The tools are run in a Python virtualenv to avoid package clashes with the system Python. On the CHI@TACC and CHI@UC controllers, they live at /root/scripts/hammers/venv. The scripts can be called directly without any path shenanigans by providing the full path, e.g. /root/scripts/hammers/venv/bin/conflict-macs info, and that is how the cronjobs do it.

Setup

As mentioned in the intro, the scripts are run in a virtualenv. Here’s how to set it up:

  1. Get code
mkdir -p /root/scripts/hammers
cd /root/scripts/hammers
git clone https://github.com/ChameleonCloud/hammers.git
  1. Create environment
virtualenv /root/scripts/hammers/venv
/root/scripts/hammers/venv/bin/pip install -r /root/scripts/hammers/hammers/requirements.txt
/root/scripts/hammers/venv/bin/pip install -e /root/scripts/hammers/hammers

Note

Because the hammers repo was installed with -e, some updates in the future can be done by cd-ing into the directory and git pull-ing. Updates that change script entrypoints in setup.py will require a quick pip install...

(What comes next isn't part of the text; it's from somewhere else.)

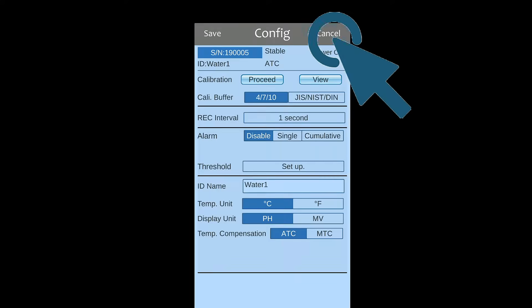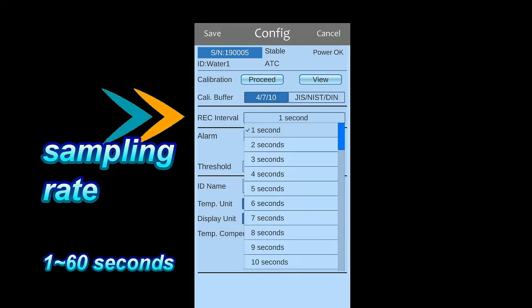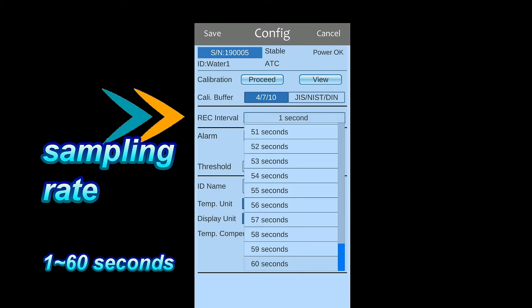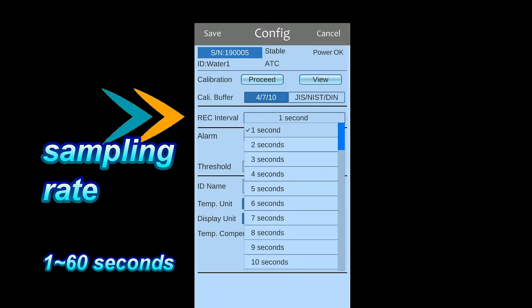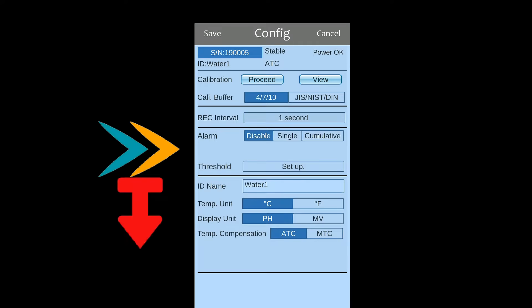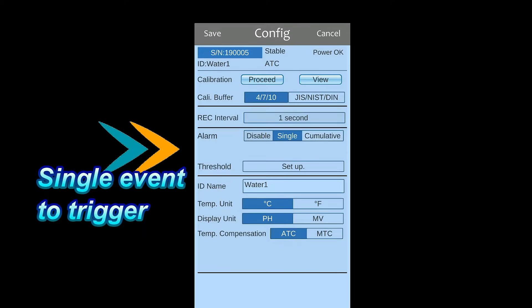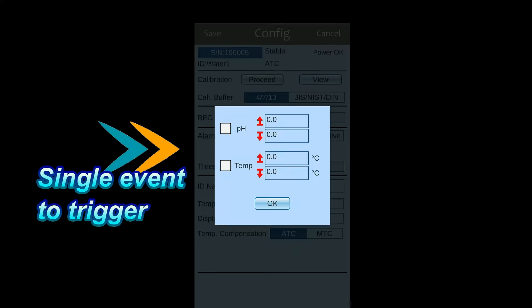Press setting button for general setting. Before recording measured value, it is a must to set up sampling rate. You may also activate alarm to get sound and vibration alert on app. Alarm can be triggered when single event or cumulative events is appeared.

  1. Set up credentials for OpenStack and Slack

The Puppet cronjobs have a configuration variable that points to the OS shell var file, for instance /root/adminrc.

There is also a file for Slack vars, e.g. /root/scripts/slack.json. It is a JSON with a root key "webhook" that is a URL (keep secret!) to post to and another root key "hostname_name" that is a mapping of FQDNs to pretty names.

Example:

{
    "webhook": "https://hooks.slack.com/services/...super-seekrit...",
    "hostname_names": {
        "m01-07.chameleon.tacc.utexas.edu": "CHI@TACC",
        "m01-03.chameleon.tacc.utexas.edu": "KVM@TACC",
        "admin01.uc.chameleoncloud.org": "CHI@UC"
    }
}

Running

You can either source venv/bin/activate the virtualenv to put the scripts into the path, or directly execute them out of the directory, venv/bin/neutron-reaper

Common Options:

  • --slack <json-options> - if provided, used to post notifications to Slack
  • --osrc <rc-file> - alternate way to feed in the OS authentication vars

Script Descriptions

Neutron Resource “Reaper”

neutron-reaper {info, delete}                    {ip, port}                    <grace-days>                    [ --dbversion ocata ]

Reclaims idle floating IPs and cleans up stale ports.

Required arguments, in order:

  • info to just display what would be cleaned up, or actually clean it up with delete.
  • Consider floating ip’s or port’s
  • A project needs to be idle for grace-days days.

Optional arguments:

  • --dbversion ocata needed for the Ocata release as the database schema changed slightly.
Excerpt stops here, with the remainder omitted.